So for now, for this season, we are closing our doors to Foster Care. Oh how it hurts to say that. But oh how I am thankful that seasons come & seasons go.  We can reopen again within 5 years with not too many hoops to jump through. Gabi will be 21 then. Crazy!

And oh how thankful I am for the healing that is taking place in our children. He is a good God friends. And even in the midst of my children's hurting hearts, I have loved watching from this front row seat, how He stirs hearts towards Him. I will remain forever thankful for the way He works ALL things out for our good dear ones. ALL THINGS.
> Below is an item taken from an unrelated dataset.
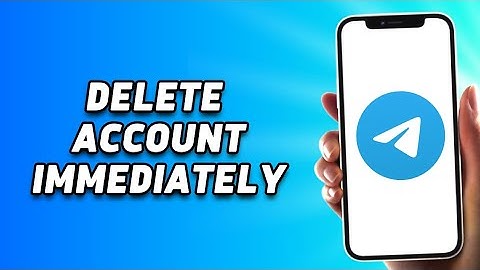 How to Delete Telegram Account Immediately (2023)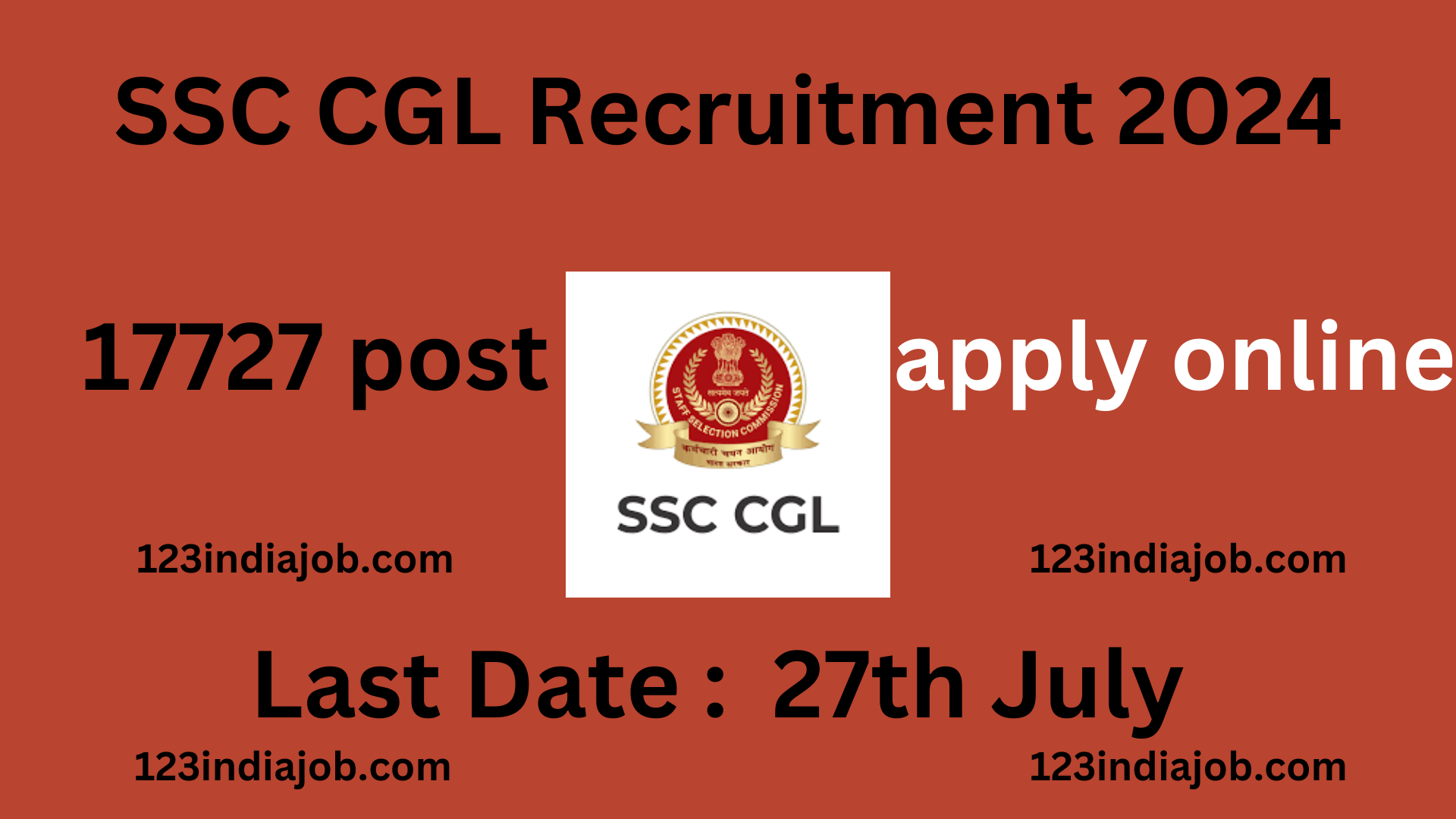 SSC CGL Recruitment 2024 – Apply For 17727 Vacancies ! Apply Online Here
Thank you to my precious husband, for saying YES to Jesus, even though it went against everything you were most comfortable with 4.5 years ago, when we began this journey. Thank you for allowing yourself to be vulnerable as we journeyed through this new territory. You have been our rock by constantly pointing us to Jesus and reminding us that everything would be ok. I am so humbly sorry the last few months have been so difficult. Thank you for your patience as we navigate through this season with the Lord by our side.

Thank you New Life Baptist Church of Blanchard, OK for the way you have supported us through our Foster Care Journey this past year & a half. Thank you for being such a blessing to our family. Your prayers, encouraging texts & financial help when we needed it most completely blows our mind. May the Lord continue to bless you beyond what you have blessed our family. Thank you!

Thank you to our friends & family who have prayed for us, brought us meals when we had newborns, supplied us with baby items and sweet little boy clothes and simply made it possible for us to do this ministry (because that IS what it has been to our family). Your encouragement means more to us than you will ever know. And I am so sorry that I stink at thank you notes. It's no excuse and I'm embarrassed and so very sorry. But you know who you are and we are so eternally thankful for each of you!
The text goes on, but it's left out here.